:: Exercise goal ::
Only the lines from the one containing "Mitsubishi Outlander - 10" through the last line of the material should be copied, exactly as written and without pictures.

:: Data under study ::
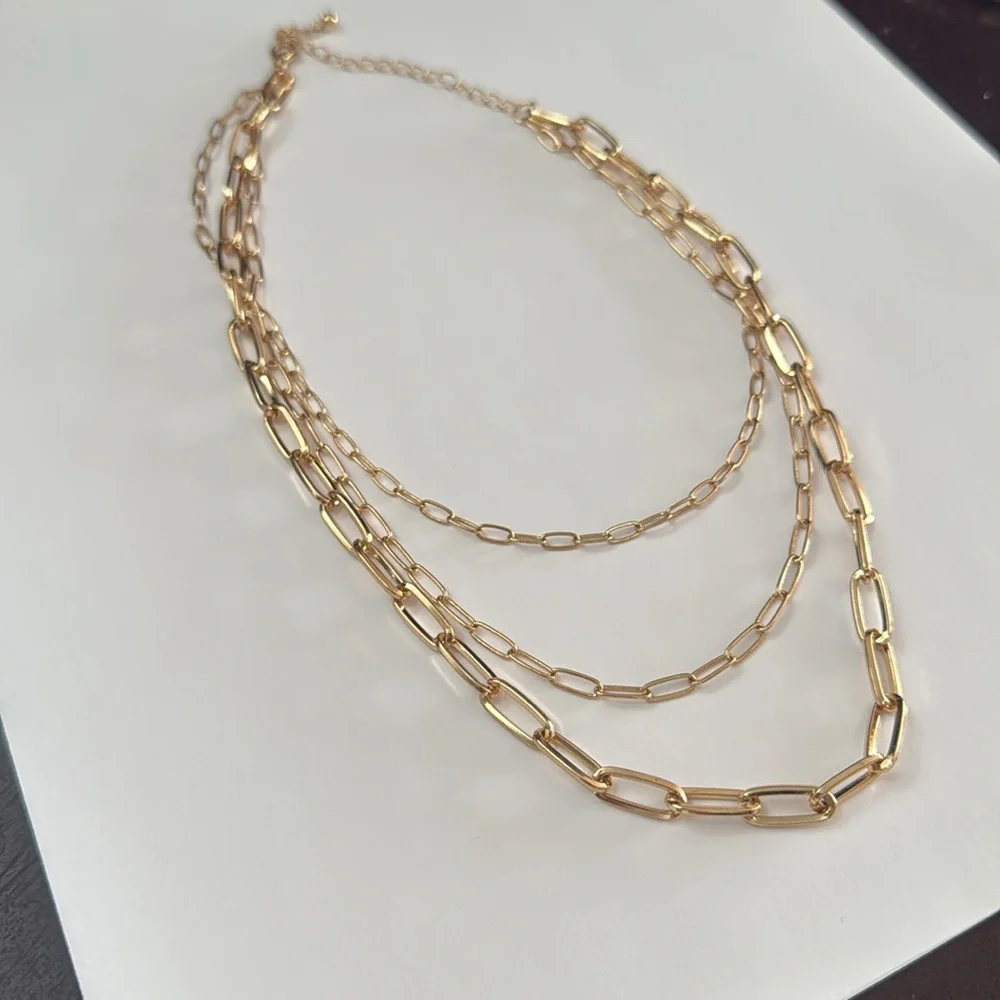 Chain Link Necklace - Picture 6 of 11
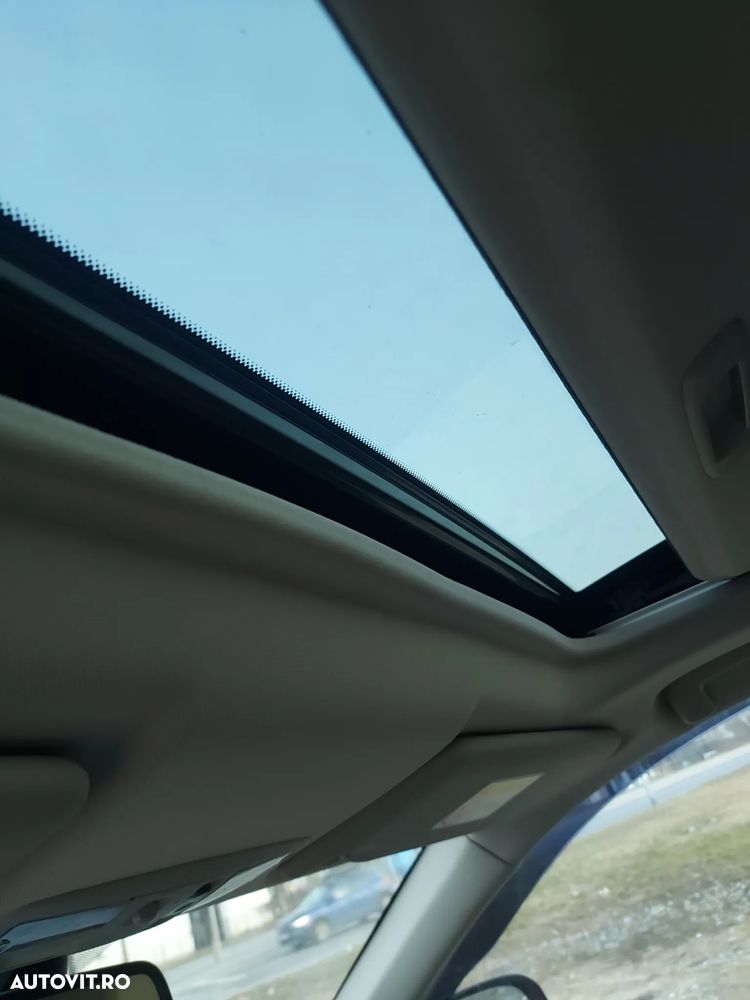 Mitsubishi Outlander - 10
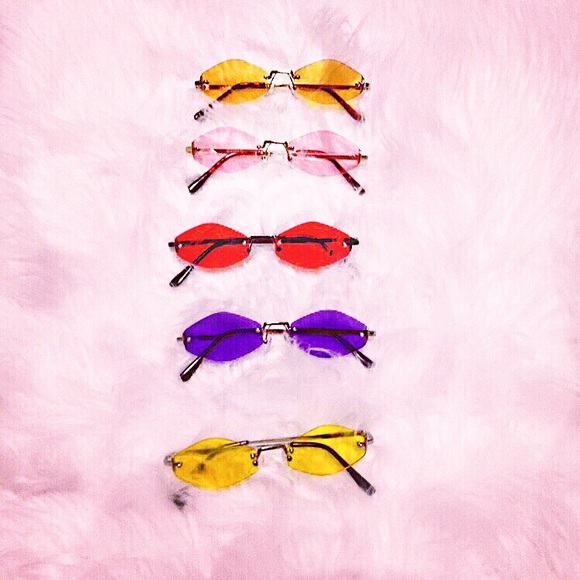 TRENDY HIGH FASHION VINTAGE SUNGLASSES - Picture 2 of 2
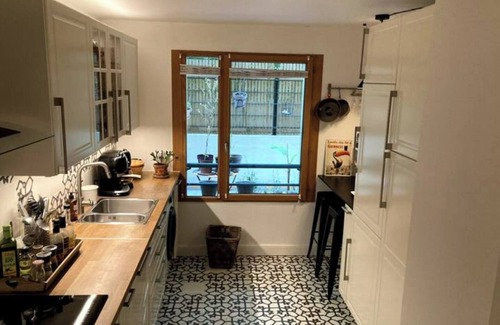 Sevres Apartment | Meudon Bellevue Apartment with Terrace and Pool Access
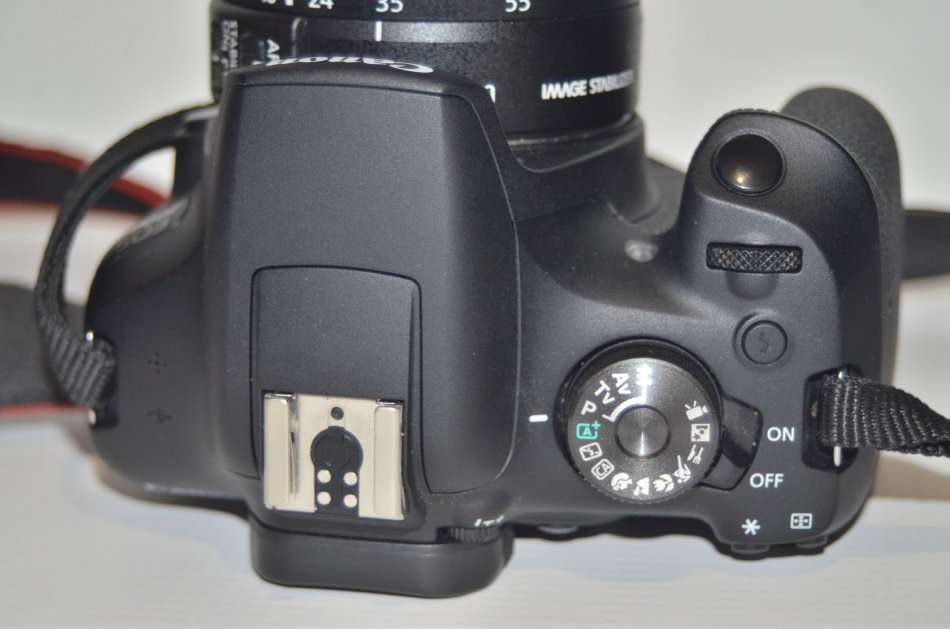 Canon EOS 2000D 24MP DSLR, FULL HD MOVIES , 18-55MM IS II ZOOM LENS IN EXCELLENT CONDITION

:: Task result ::
 Mitsubishi Outlander - 10
 TRENDY HIGH FASHION VINTAGE SUNGLASSES - Picture 2 of 2
 Sevres Apartment | Meudon Bellevue Apartment with Terrace and Pool Access
 Canon EOS 2000D 24MP DSLR, FULL HD MOVIES , 18-55MM IS II ZOOM LENS IN EXCELLENT CONDITION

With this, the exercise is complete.